Même si cette industrie est en effervescence, la patientèle mauricienne et étrangère diffère. Au sein de CCEOI, elle est étrangère à 75 à 80 % de manière générale. «Il ne faut pas oublier qu’elle était le marché à conquérir au commencement. Grâce à la greffe de cheveux, on a contribué à placer Maurice sur la carte mondiale en tant que destination du tourisme médical esthétique», rappelle Raphael Bax. 

Quant au Dr Didier Van Den Broeck, ses patients sont pour moitié des Mauriciens et pour moitié des étrangers. «Les chiffres de Wellkin et ceux du Centre de Chirurgie Esthétique de l’Océan Indien sont complètement inversés. À Wellkin, par exemple, j’ai plus de patients mauriciens et moins de patients étrangers.» Le Dr Crepet avance aussi qu’il a des patients à la fois mauriciens et étrangers. «En ce moment, avec la fermeture des frontières, je n’ai plus de clients étrangers.» En 2019, le CCEOI a compté plus de 3 000 patients et a franchi la barre des Rs 200 millions de chiffre d’affaires. 

«La progression est constante. Nous avons commencé en 2001 avec une centaine de patients. La greffe de cheveux demeurait alors le pilier de notre activité (70 %) mais depuis quelques années, les autres spécialités dentaires et esthétiques reçoivent davantage de patients. On assiste à un équilibrage de nos activités», observe Raphael Bax.

Le Dr Gérard Crepet reconnaît que «la force d’un chirurgien, c’est de dire non lorsqu’il sent qu’il ne pourra pas réaliser ce que le patient lui demande.» En sept ans, le Dr Didier Van Den Broeck a reçu près de 2 000 patients. Il indique que les services proposés à Maurice sont de qualité par rapport à l’offre internationale. «Selon moi, l’île offre tout ce que le tourisme médical doit idéalement proposer, c’est-à-dire, une hôtellerie de qualité, un personnel mauricien chaleureux ainsi que des hôpitaux et des praticiens compétents. Nos prix sont également attractifs.» Autant de raisons pour lesquelles

les chiffres sont en augmentation. Les prix varient en fonction de la complexité de l’intervention et peuvent varier de

Rs 10 000 à Rs 250 000, indique Raphael Bax.

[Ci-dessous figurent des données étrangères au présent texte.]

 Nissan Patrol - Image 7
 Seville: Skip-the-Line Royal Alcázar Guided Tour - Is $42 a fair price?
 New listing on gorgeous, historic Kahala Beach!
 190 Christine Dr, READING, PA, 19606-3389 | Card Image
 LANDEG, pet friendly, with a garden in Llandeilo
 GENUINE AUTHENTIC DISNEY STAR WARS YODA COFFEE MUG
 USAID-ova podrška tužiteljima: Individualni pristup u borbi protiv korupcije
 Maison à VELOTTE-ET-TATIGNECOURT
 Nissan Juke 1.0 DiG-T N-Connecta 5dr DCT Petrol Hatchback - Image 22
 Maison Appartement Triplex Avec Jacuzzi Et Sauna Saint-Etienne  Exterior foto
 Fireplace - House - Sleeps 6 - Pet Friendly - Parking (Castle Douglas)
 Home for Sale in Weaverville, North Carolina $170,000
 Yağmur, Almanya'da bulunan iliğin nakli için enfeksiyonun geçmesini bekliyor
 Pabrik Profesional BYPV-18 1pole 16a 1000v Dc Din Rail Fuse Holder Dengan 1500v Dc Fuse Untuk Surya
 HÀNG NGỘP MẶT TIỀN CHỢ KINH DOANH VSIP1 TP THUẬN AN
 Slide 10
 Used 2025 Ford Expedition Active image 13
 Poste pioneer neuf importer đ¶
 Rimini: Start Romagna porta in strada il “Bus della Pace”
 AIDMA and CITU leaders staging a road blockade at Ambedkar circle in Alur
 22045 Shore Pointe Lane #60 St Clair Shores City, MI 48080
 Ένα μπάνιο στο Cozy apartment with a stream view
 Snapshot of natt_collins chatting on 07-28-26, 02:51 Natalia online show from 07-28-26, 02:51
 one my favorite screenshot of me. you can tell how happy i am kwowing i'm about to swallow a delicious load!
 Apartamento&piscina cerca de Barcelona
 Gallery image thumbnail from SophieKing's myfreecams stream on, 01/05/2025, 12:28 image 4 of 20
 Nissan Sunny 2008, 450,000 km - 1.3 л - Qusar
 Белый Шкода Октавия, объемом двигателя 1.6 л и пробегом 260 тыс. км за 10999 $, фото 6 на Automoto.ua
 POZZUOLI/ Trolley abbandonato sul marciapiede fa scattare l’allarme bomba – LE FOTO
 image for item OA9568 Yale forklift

La patientèle locale sauve la mise

Quid du chamboulement causé par la Covid-19 ? La pandémie a-t-elle freiné les activités dans ce secteur ? «Bien sûr. Pendant un mois, on n’a pas travaillé. On opère entre deux et six étrangers par semaine de chirurgie esthétique pure. C’est une chirurgie qui est différente de la chirurgie réparatrice. Beaucoup viennent ici car Maurice est agréable. Il faut compter dix jours au minimum pour pouvoir bien suivre mon patient et une consultation préopératoire», précise le Dr Crepet, qui compte parmi ses patients des Australiens, des Sud-Africains et des Français. C’est le même son de cloche pour le Dr Van Den Broeck. «Il y a des dates et des billets d’avion qui sont réservés. Mais les patients ne peuvent pas venir pour l’instant. On a une grosse diminution sur ce marché mais on maintient plus ou moins les chiffres grâce au marché local.»

Il en est de même pour le CCEOI. Raphael Bax explique que le centre travaille énormément avec des Mauriciens et des expatriés. «C’est un manque à gagner, mais cela nous a permis de nous rapprocher principalement de la patientèle locale qui apprend à découvrir le centre et à apprécier la qualité de nos services.» Il confirme néanmoins que ses patients attendent impatiemment la réouverture des frontières.

Malgré la crise, les activités se poursuivent. «Le coronavirus se terminera un jour ou l’autre», prévoit le Dr Crepet. Le CCEOI compte miser sur la patientèle mauricienne sur le long terme. «On fait tout pour se rapprocher d’elle, pour la satisfaire et pour la fidéliser. Je crois que c’est plutôt réussi. C’est une question de service et de professionnalisme. Les Mauriciens avaient l’image d’un produit cher et inaccessible ; ils réalisent aujourd’hui que ce n’est pas le cas», dit Raphael Bax.

Le Dr Van Den Broeck se pose des questions. Pourrait-il toujours miser sur la patientèle mauricienne sur le long terme ? «Est-ce qu’on va tenir rien qu’avec le marché local ? Je pense que oui. La patientèle mauricienne n’a pas encore complètement remplacé la perte du marché international. Il y a eu plus de communication vers la patientèle locale qu’auparavant. Maintenant, si on peut encore augmenter notre patientèle locale et notre pénétration sur ce marché, on sortira indemne de cette crise. On espère tous un retour à la normale au plus vite.»